Most cosmologists believe that dark matter particles have large mass, hence their speed is high. Yet, back in the 1980s it was realized that under special conditions these particles may be produced in the early Universe with almost zero speed, regardless of their mass. They might also be very light. As a consequence, the distances at which the quantum nature of these particles becomes apparent can be huge. Instead of the nanometer scales that are usually required to observe quantum phenomena in laboratories, the “quantum” scale for such particles may be comparable to the size of the central part of our galaxy.

The researchers observed that the dark matter particles, if they are bosons with sufficiently small mass, may form a Bose-Einstein condensate in the small galaxy halos or in even smaller substructures due to their gravitational interactions. Such substructures include halos of dwarf galaxies – systems of several billion stars bound together by gravitational forces, and miniclusters – very small systems formed only by dark matter. The Bose-Einstein condensate is a state of quantum particles in which they all occupy the lowest energy level, having the smallest energy. The Bose-Einstein condensate can be produced in the lab at low temperatures from ordinary atoms. This state of matter exhibits unique properties, such as superfluidity: the ability to pass through tiny cracks or capillaries without friction. Light dark matter in the galaxy has low speed and huge concentration. Under these conditions, it should eventually form a Bose-Einstein condensate. But in order for this to happen, dark matter particles must interact with each other, while as far as we know, they interact only gravitationally.

“In our work, we simulated motion of a quantum gas of light gravitationally interacting dark matter particles.

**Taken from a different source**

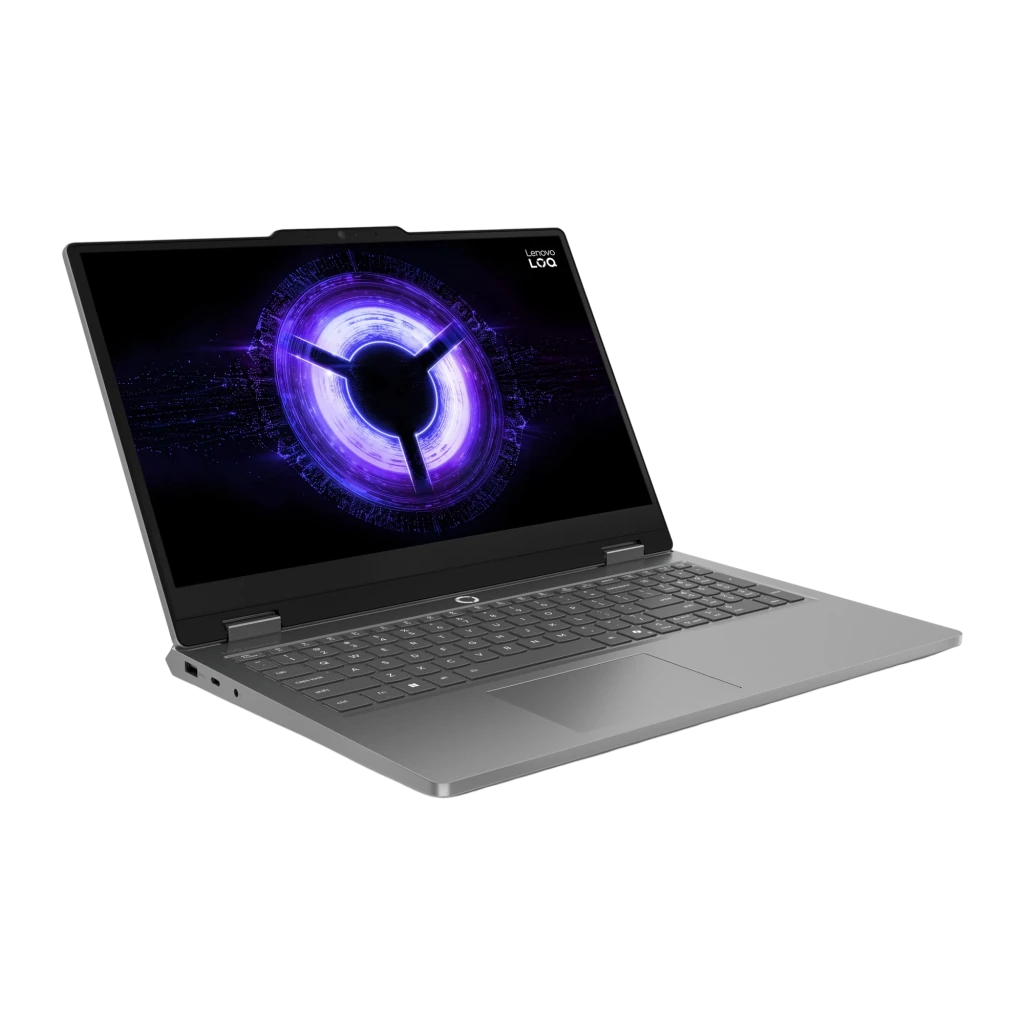 Lenovo LOQ Essential 15IRX11 512GB Gris, vue de face: écran avec logo LOQ en violet, clavier et pavé tactile visibles - Ítem1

We started from a virialized state with maximal mixing, which is kind of opposite to the Bose-Einstein condensate. After a very long period, 100,000 times longer than the time needed for a particle to cross the simulation volume, the particles spontaneously formed a condensate, which immediately shaped itself into a spherical droplet, a Bose star, under the effect of gravity,” said one of the authors, Dmitry Levkov, Ph.D. in Physics, Senior Researcher at the Institute for Nuclear Research of the Russian Academy of Sciences.

Dr. Levkov and his colleagues, Alexander Panin and Igor Tkachov from the Institute for Nuclear Physics of the Russian Academy of Sciences, concluded that Bose-Einstein condensate may form in the centres of halos of dwarf galaxies in a time smaller than the lifetime of the Universe. This means that Bose stars could populate them now.

The authors were the first who saw the formation of the Bose-Einstein condensate from light dark matter in computer simulations. In previous numerical studies, the condensate was already present in the initial state, and Bose stars arose from it. According to one hypothesis, the Bose condensate could have formed in the early Universe long before the formation of galaxies or miniclusters, but reliable evidence for that is currently lacking. The authors demonstrated that the condensate is formed in the centres of small halos, and they plan to investigate condensation in the early Universe in further studies.

The scientists pointed out that the Bose stars may produce Fast Radio Bursts that currently have no quantitative explanation. Light dark matter particles called “axions” interact with electromagnetic field very weakly and can decay into radiophotons. This effect is vanishingly small, but inside the Bose star it may be resonantly amplified like in a laser and could lead to giant radio bursts.

“The next obvious step is to predict the number of the Bose stars in the Universe and calculate their mass in models with light dark matter,” concluded Dmitry Levkov.